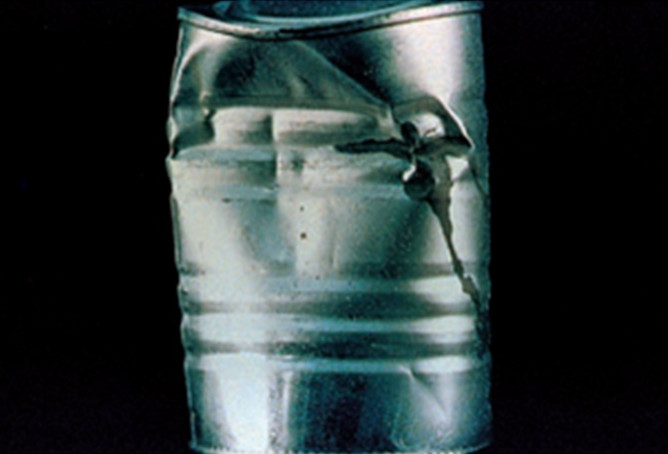 Picture 4 of Why do canned foods have a shelf life of several years?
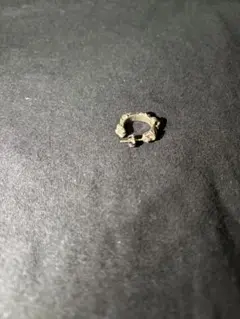 Item thumbnail for item bd74db7a-6614-49ab-a738-882d798d7d77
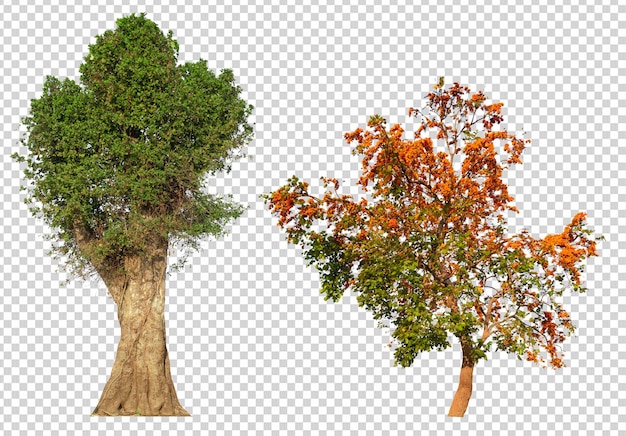 Detail Png Tree Nomer 24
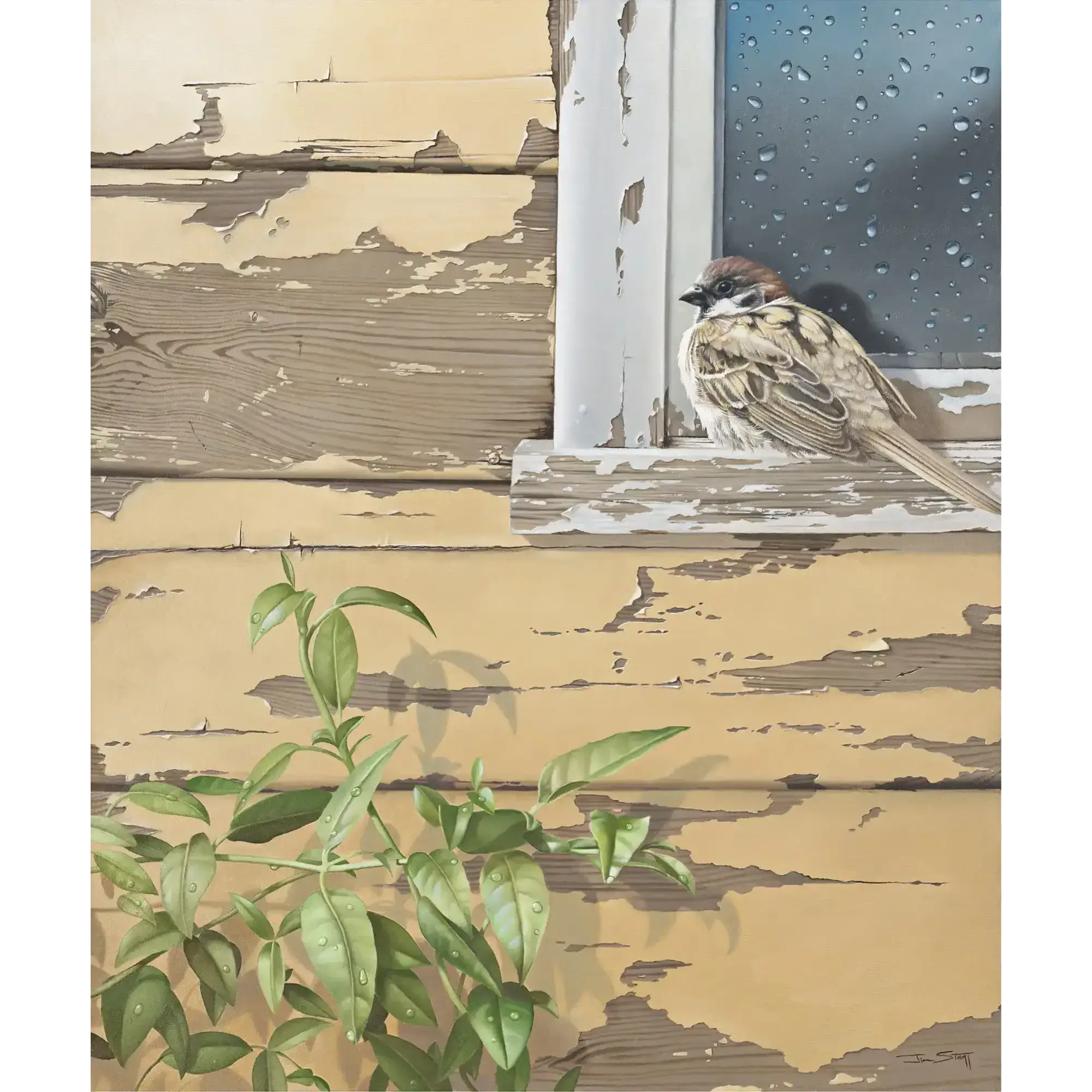 Sparrow by Jim Stagg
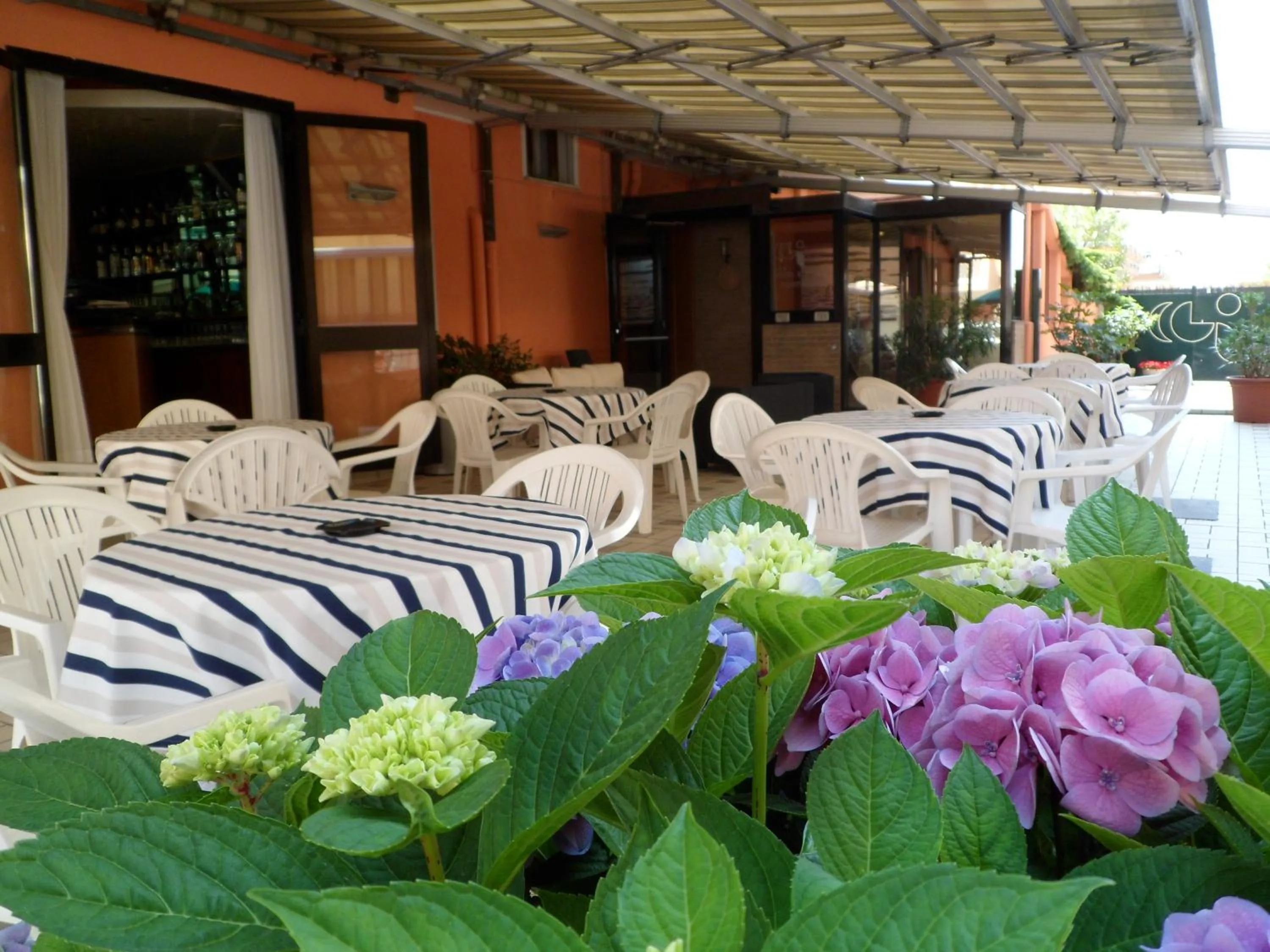 Restaurant/places to eat in Hotel Europeo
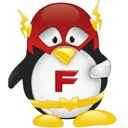 FLASH Technology Group company logo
::::
Quote in full the listing given above; the images are to be left out.

 Picture 4 of Why do canned foods have a shelf life of several years?
 Item thumbnail for item bd74db7a-6614-49ab-a738-882d798d7d77
 Detail Png Tree Nomer 24
 Sparrow by Jim Stagg
 Restaurant/places to eat in Hotel Europeo
 FLASH Technology Group company logo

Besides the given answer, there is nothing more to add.